Il existe d'autres techniques qui permettent d'éliminer ce genre de problèmes, comme le Depth Filter ou le Mid-texturing.
Z-Min
Avec le zmin, on utilise la profondeur maximale des sommets du triangle dans les calculs. Cette valeur est comparée avec la valeur de profondeur minimale dans la tile. Si la profondeur du pixel à rendre est plus petite, cela veut dire que le pixel n'est pas caché et qu'il n'y a pas besoin d'effectuer de test de profondeur dans les ROPs.
Le calcul de la profondeur minimale de la tile est très simple : il suffit de mémoriser la plus petite valeur rencontrée et la mettre à jour à chaque rendu de pixel. Par besoin de lire toutes les profondeurs de la tile d'un seul coup, ou quoique ce soit d'autre, comme avec le zmax.
Cette méthode est particulièrement adaptée aux rendus dans lesquels les recouvrements de triangles sont relativement rares. Il faut dire que cette méthode ne rejette pas beaucoup de pixels comparé à la technique du zmax.
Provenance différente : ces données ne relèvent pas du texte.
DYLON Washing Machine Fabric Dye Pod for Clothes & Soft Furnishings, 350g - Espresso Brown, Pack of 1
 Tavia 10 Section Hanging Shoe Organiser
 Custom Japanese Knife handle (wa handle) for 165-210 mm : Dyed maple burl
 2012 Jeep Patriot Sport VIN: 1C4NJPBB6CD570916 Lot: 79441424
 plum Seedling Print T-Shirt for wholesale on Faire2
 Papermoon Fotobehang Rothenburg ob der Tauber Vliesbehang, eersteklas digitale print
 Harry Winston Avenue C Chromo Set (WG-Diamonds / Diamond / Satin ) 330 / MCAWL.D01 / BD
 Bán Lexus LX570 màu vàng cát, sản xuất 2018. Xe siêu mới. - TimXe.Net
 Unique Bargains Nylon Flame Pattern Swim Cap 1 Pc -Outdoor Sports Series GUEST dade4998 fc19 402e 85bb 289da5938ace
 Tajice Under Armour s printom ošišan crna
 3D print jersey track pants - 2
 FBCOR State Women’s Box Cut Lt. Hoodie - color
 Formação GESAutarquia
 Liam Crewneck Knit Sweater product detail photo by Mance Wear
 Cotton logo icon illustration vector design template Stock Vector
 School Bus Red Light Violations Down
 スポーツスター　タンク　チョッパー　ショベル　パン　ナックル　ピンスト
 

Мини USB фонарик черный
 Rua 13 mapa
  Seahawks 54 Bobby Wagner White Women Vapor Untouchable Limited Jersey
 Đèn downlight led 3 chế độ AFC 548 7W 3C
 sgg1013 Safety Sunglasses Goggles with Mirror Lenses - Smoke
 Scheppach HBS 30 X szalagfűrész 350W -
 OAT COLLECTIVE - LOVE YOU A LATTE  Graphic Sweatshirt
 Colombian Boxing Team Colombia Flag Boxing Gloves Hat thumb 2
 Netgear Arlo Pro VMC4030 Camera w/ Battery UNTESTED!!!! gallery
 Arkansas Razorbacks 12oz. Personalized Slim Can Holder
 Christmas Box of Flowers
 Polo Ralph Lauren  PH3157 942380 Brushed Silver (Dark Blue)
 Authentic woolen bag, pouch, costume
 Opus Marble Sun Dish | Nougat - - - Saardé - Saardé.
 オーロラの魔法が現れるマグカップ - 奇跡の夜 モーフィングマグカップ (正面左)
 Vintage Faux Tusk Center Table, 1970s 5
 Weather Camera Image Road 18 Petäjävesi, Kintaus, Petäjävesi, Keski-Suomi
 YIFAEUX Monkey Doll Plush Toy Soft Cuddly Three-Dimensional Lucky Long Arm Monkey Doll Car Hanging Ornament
En contrepartie, elle n'utilise pas beaucoup de circuits comparé au zmax : c'est pour cela qu'elle est surtout utilisée dans les cartes graphiques pour mobiles.
Hybrides
Il est parfaitement possible d'utiliser le zmax conjointement avec le zmin. On obtient alors des techniques hybrides, relativement puissantes. On pourrait citer l'exemple de l'adaptive tile depth filter.